[Captioned web image data]
- - - -

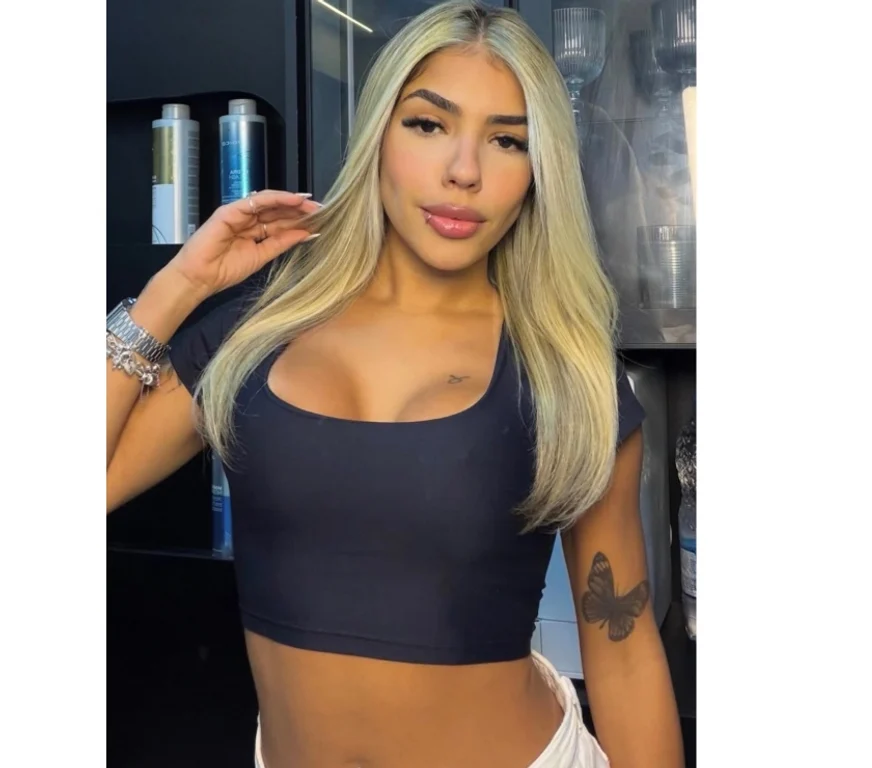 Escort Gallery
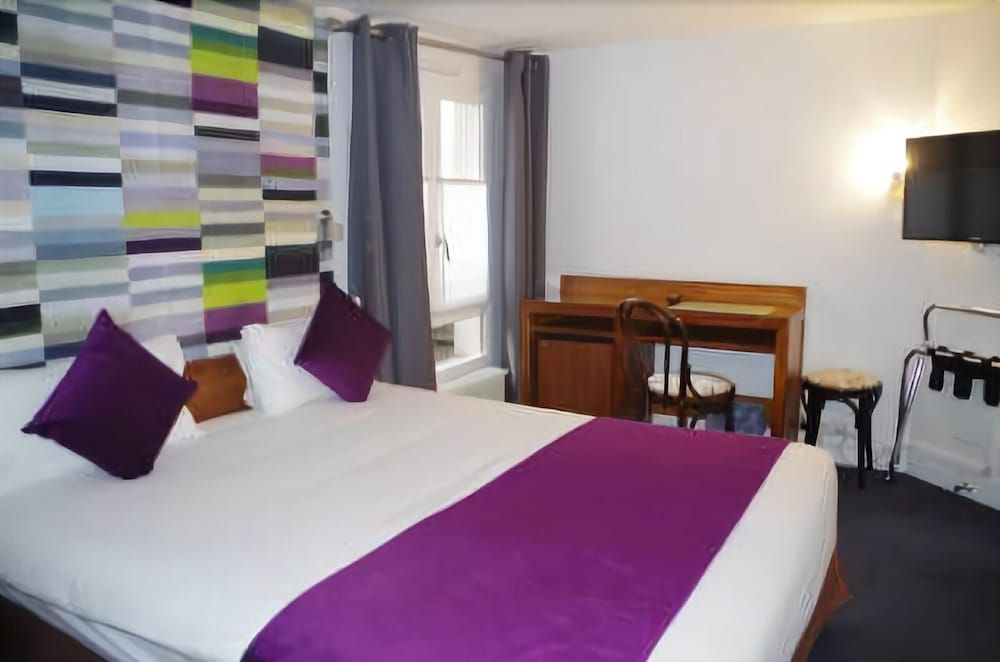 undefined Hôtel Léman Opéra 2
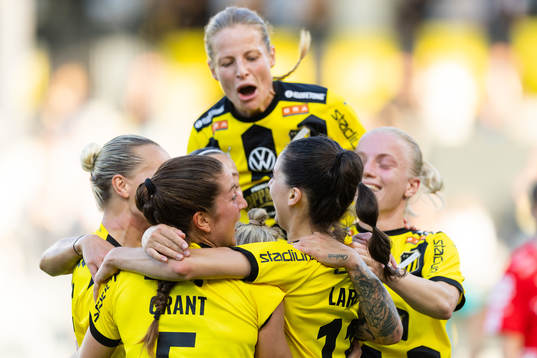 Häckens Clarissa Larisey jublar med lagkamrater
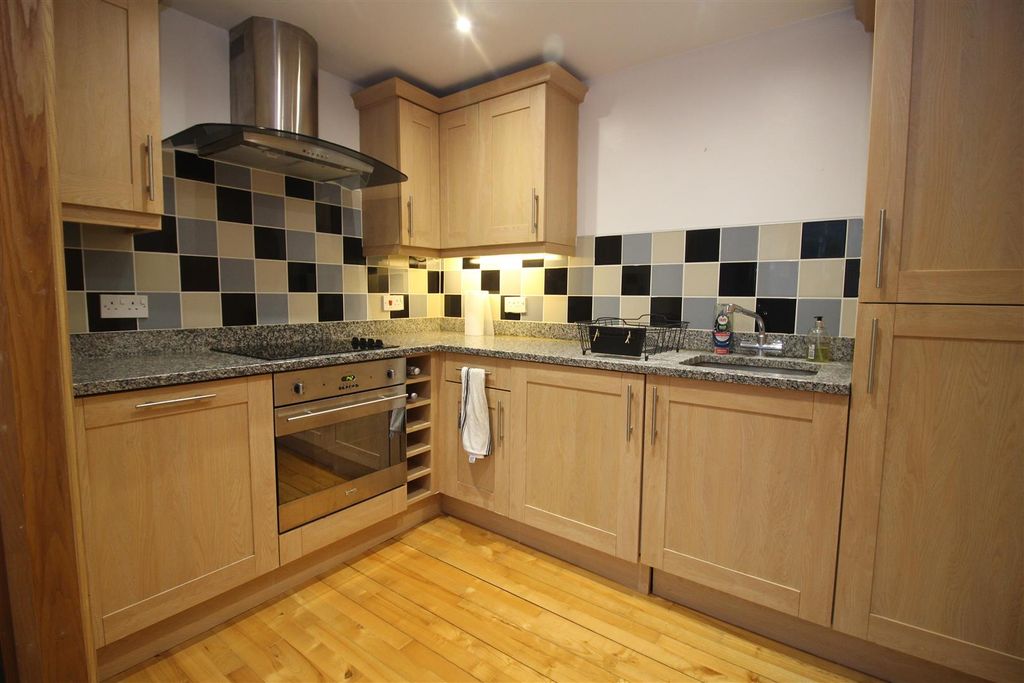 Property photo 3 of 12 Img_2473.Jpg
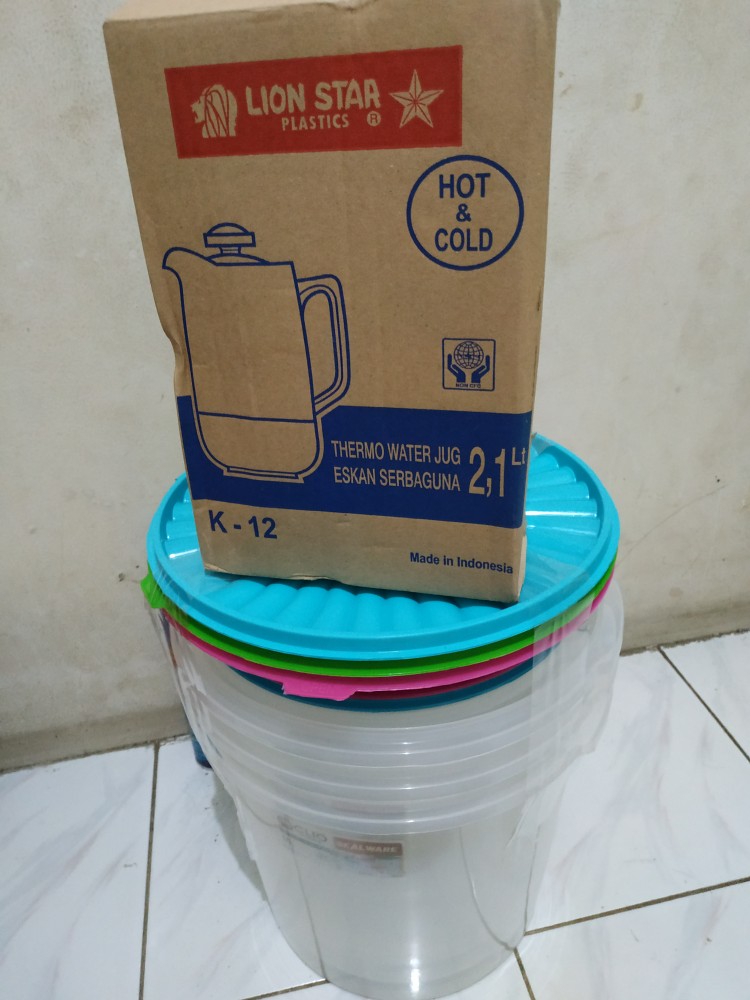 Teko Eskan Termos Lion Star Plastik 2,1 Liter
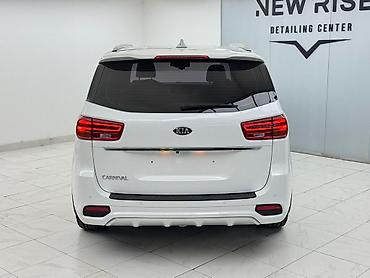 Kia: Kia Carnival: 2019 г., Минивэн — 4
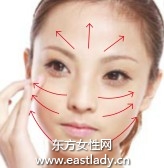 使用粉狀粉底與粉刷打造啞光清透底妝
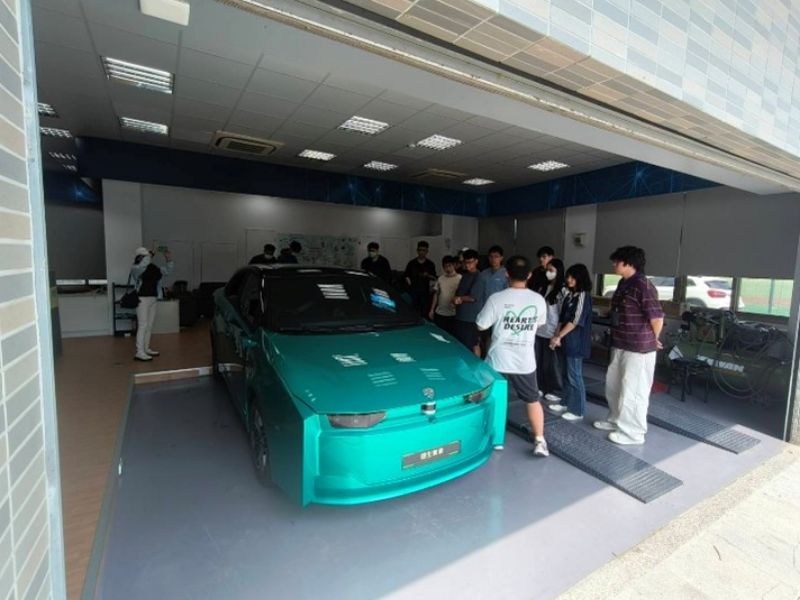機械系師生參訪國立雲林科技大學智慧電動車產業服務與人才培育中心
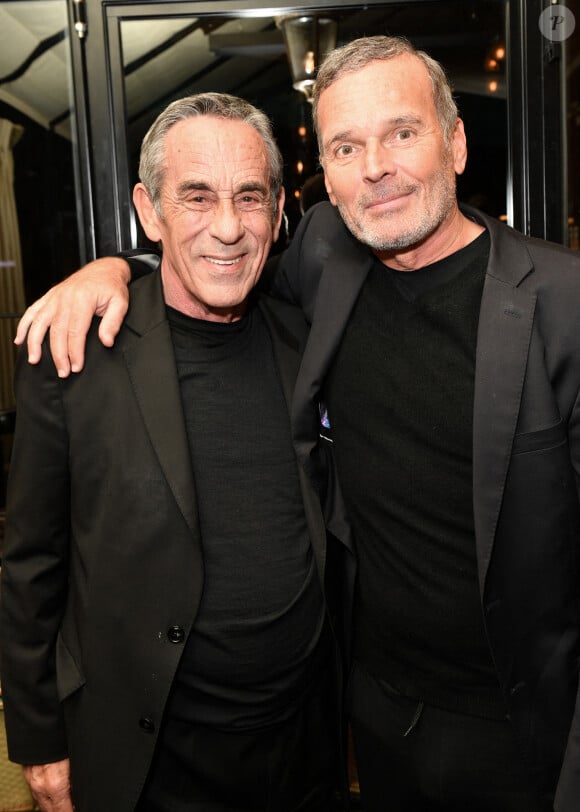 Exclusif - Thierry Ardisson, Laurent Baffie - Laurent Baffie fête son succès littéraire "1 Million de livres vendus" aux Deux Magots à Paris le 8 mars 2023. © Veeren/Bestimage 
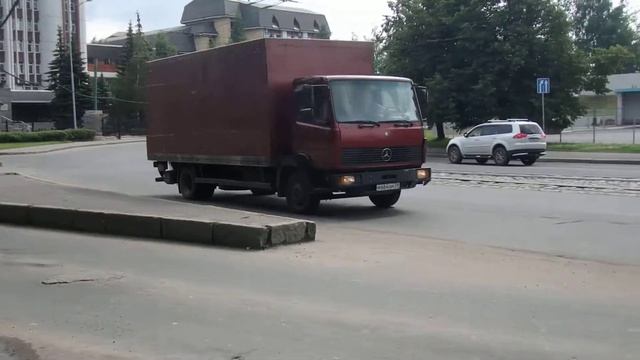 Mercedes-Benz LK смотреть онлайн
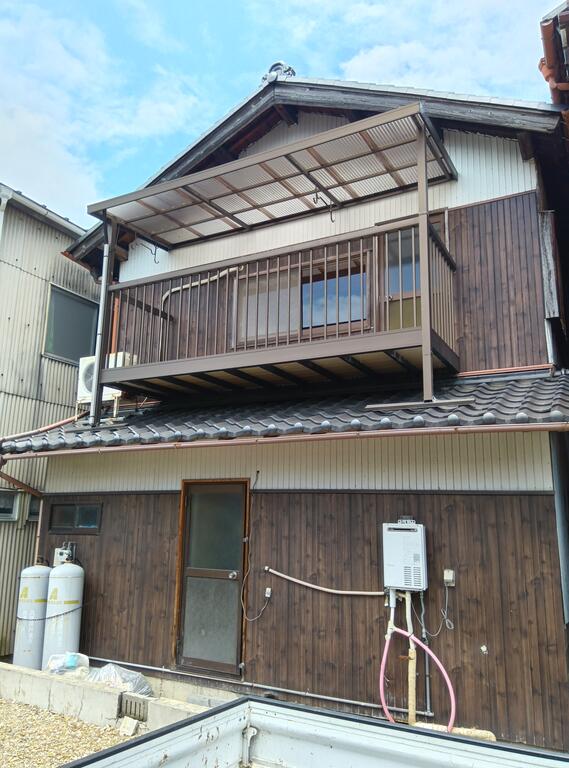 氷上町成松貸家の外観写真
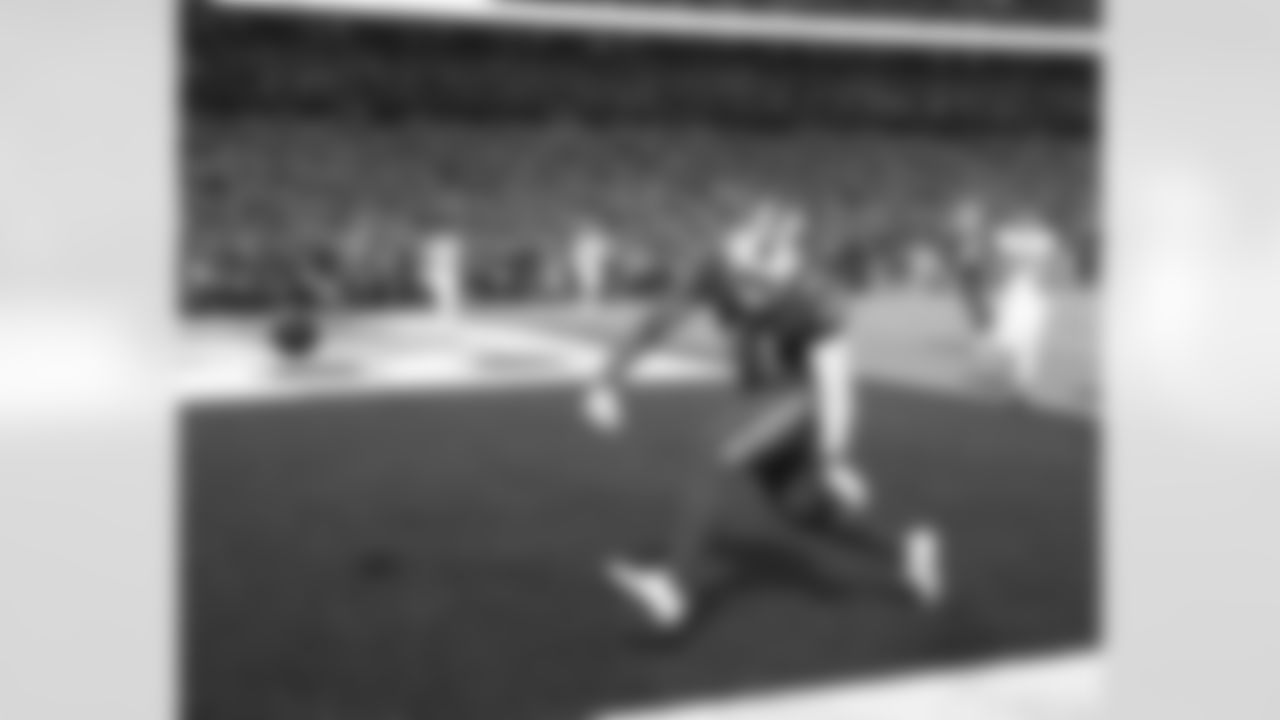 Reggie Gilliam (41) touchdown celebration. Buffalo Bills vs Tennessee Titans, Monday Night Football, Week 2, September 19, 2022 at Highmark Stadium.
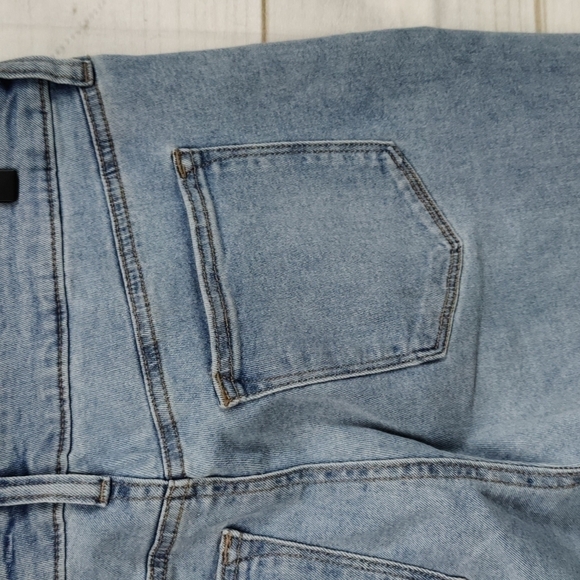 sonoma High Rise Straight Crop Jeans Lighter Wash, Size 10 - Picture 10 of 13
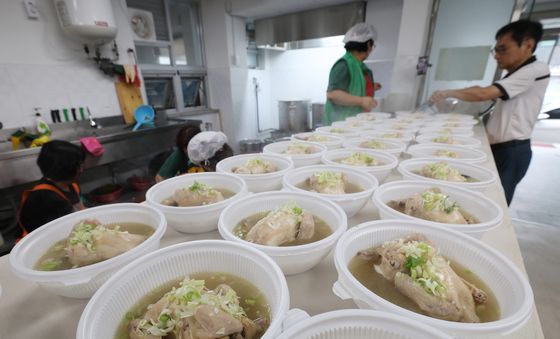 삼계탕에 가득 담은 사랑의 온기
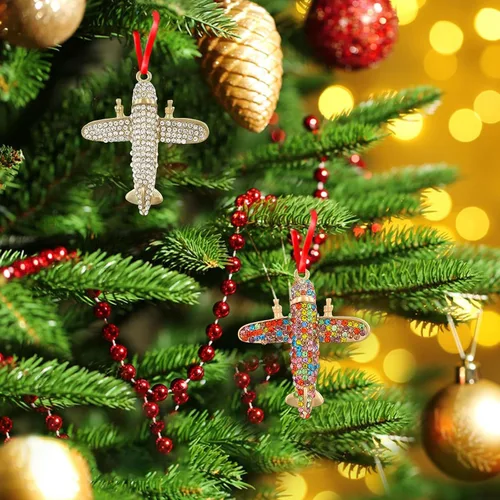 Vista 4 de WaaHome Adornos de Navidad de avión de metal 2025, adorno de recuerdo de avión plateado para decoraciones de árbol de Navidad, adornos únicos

- - - -

* Exercise description *
Extract the run of lines beginning with the line that holds "삼계탕에 가득 담은 사랑의 온기" and ending at the last line of the data, inclusive. Exclude any pictures from the copy.

* Answer to the problem *
 삼계탕에 가득 담은 사랑의 온기
 Vista 4 de WaaHome Adornos de Navidad de avión de metal 2025, adorno de recuerdo de avión plateado para decoraciones de árbol de Navidad, adornos únicos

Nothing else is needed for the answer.